■ BRIEF: From the line with "تصاویر/ حضور و" to the line with "2023 BMW 760 XI 11", output every line below exactly, both ends included. Skip the pictures.

■ RECORDS FOR THE EXERCISE:
____________________

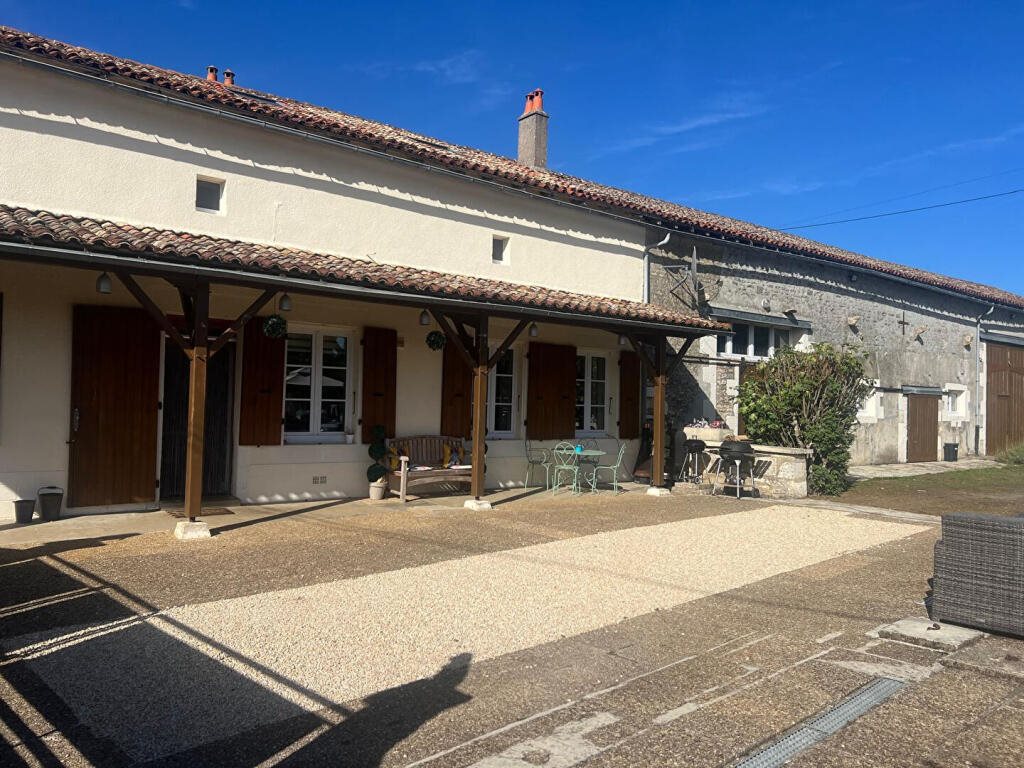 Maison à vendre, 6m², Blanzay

____________________

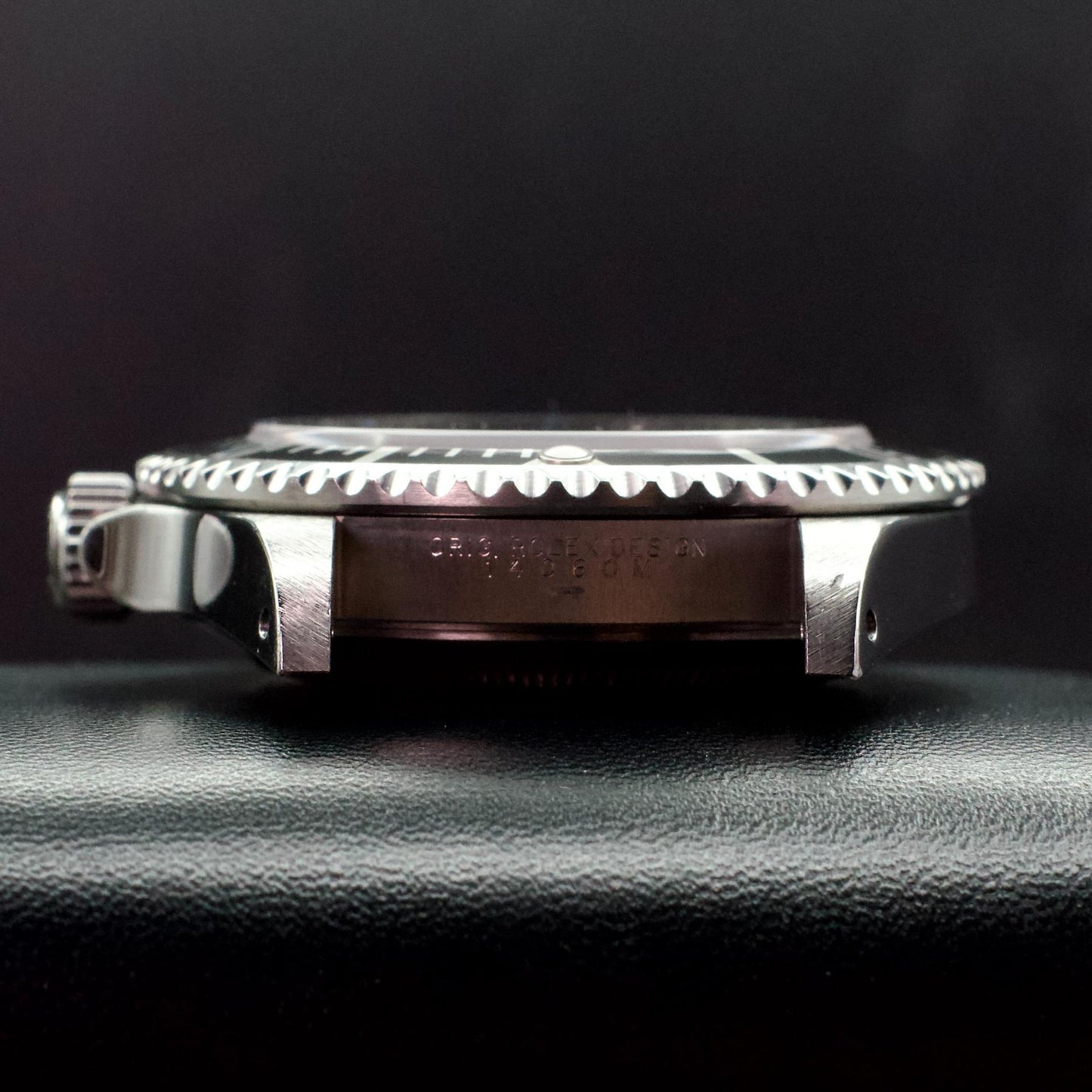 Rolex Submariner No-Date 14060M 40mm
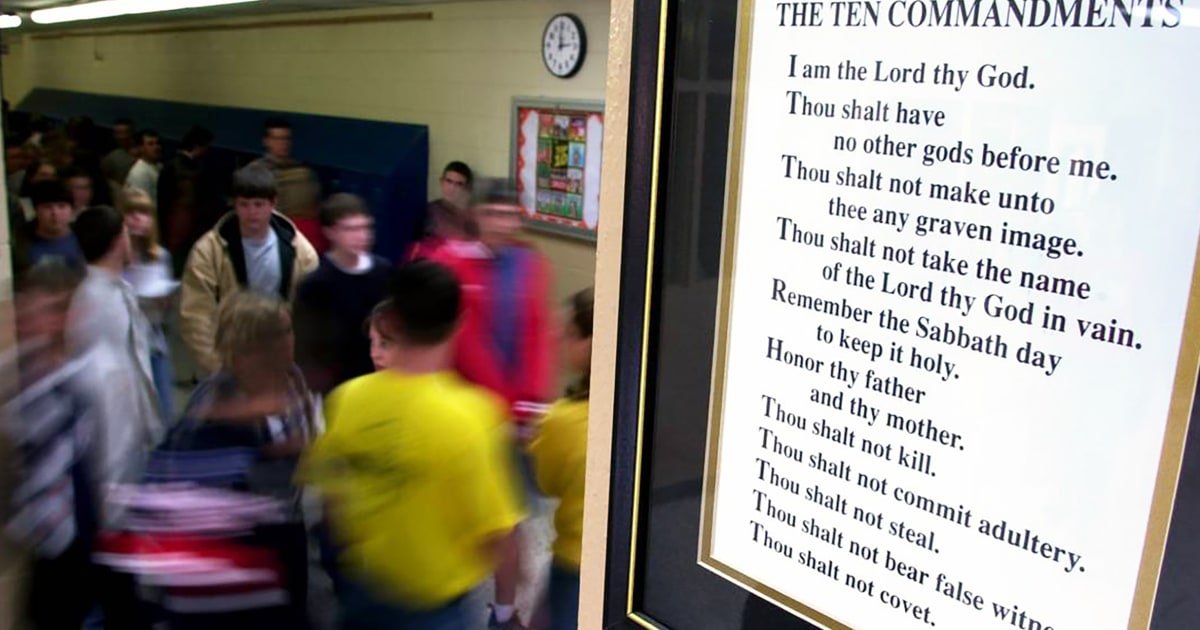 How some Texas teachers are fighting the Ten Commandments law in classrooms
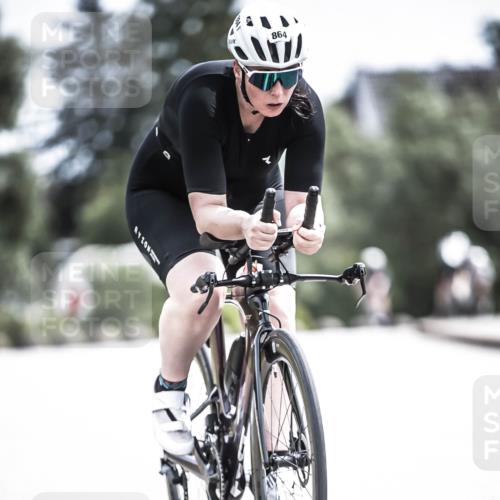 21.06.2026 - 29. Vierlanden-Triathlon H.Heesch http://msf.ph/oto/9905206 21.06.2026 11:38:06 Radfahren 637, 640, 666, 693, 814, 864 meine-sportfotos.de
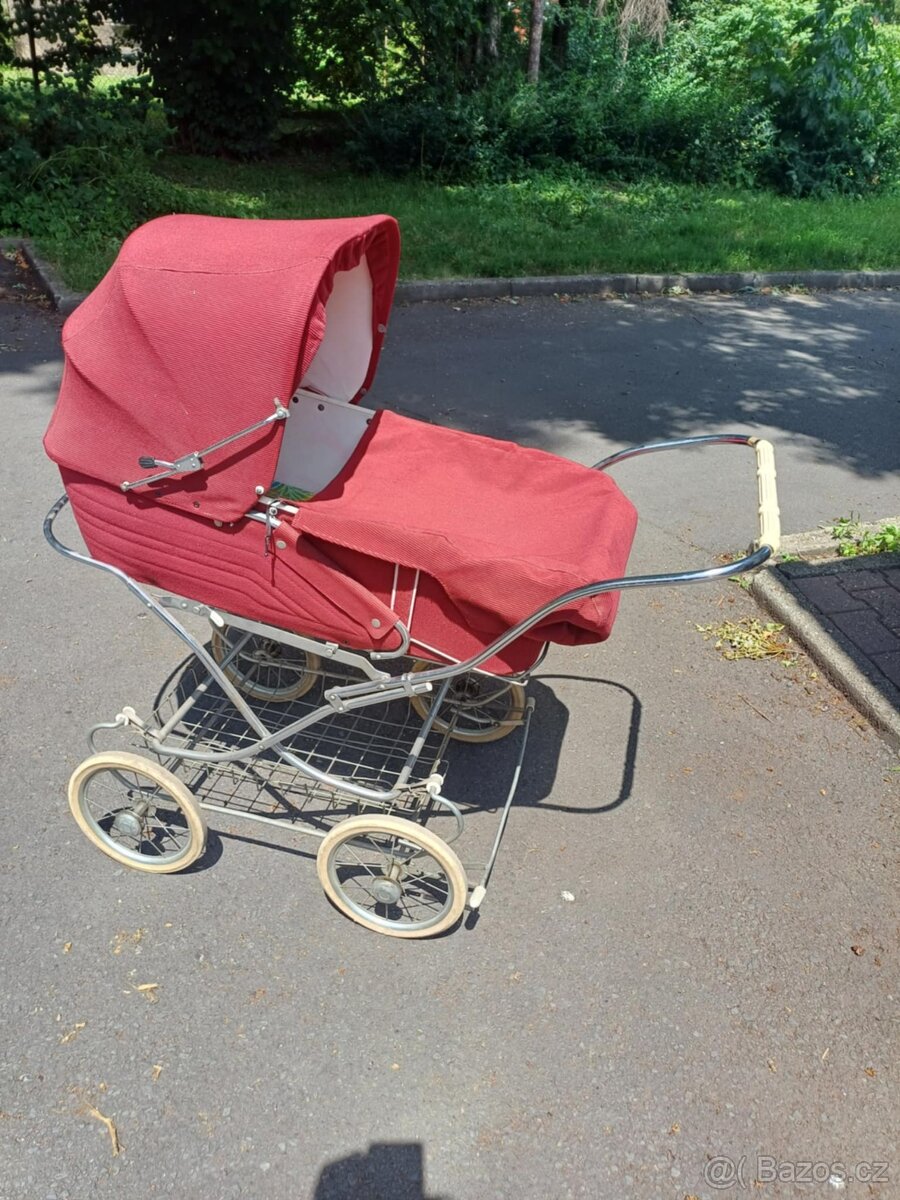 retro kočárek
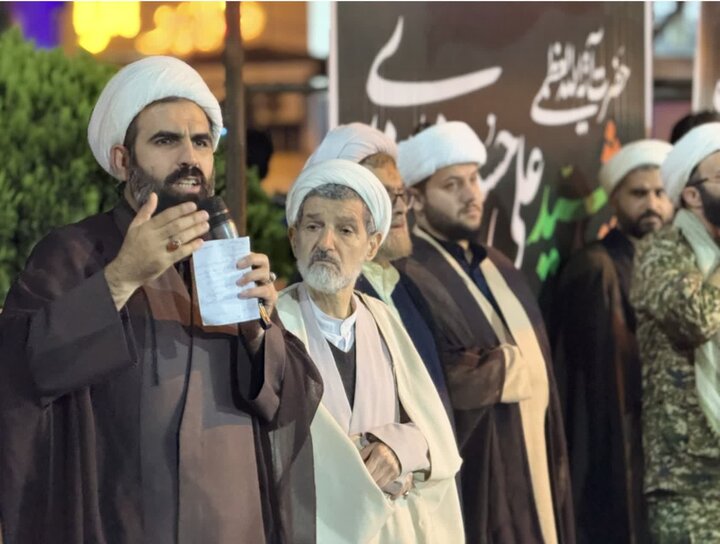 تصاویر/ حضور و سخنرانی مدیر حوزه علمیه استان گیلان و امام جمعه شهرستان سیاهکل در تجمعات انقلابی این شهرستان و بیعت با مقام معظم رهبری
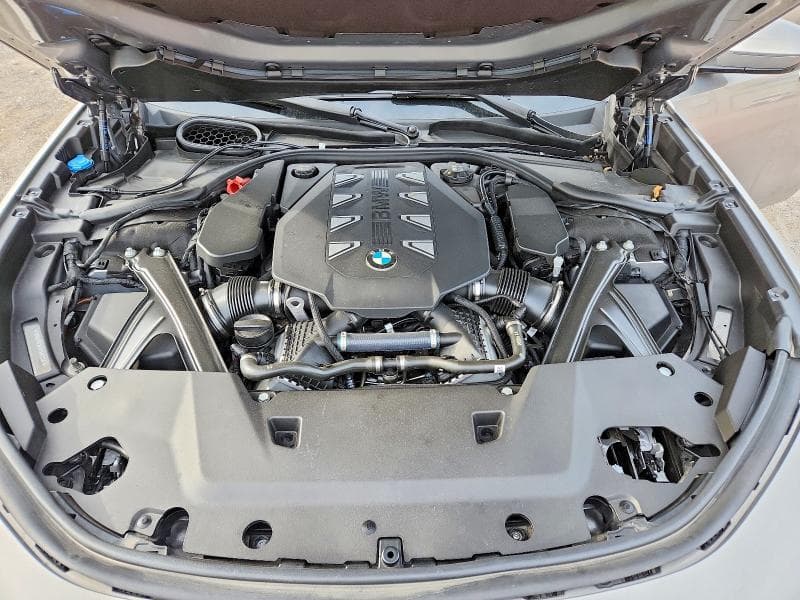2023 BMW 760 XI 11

____________________

■ SOLUTION TO THE EXERCISE:
 تصاویر/ حضور و سخنرانی مدیر حوزه علمیه استان گیلان و امام جمعه شهرستان سیاهکل در تجمعات انقلابی این شهرستان و بیعت با مقام معظم رهبری
2023 BMW 760 XI 11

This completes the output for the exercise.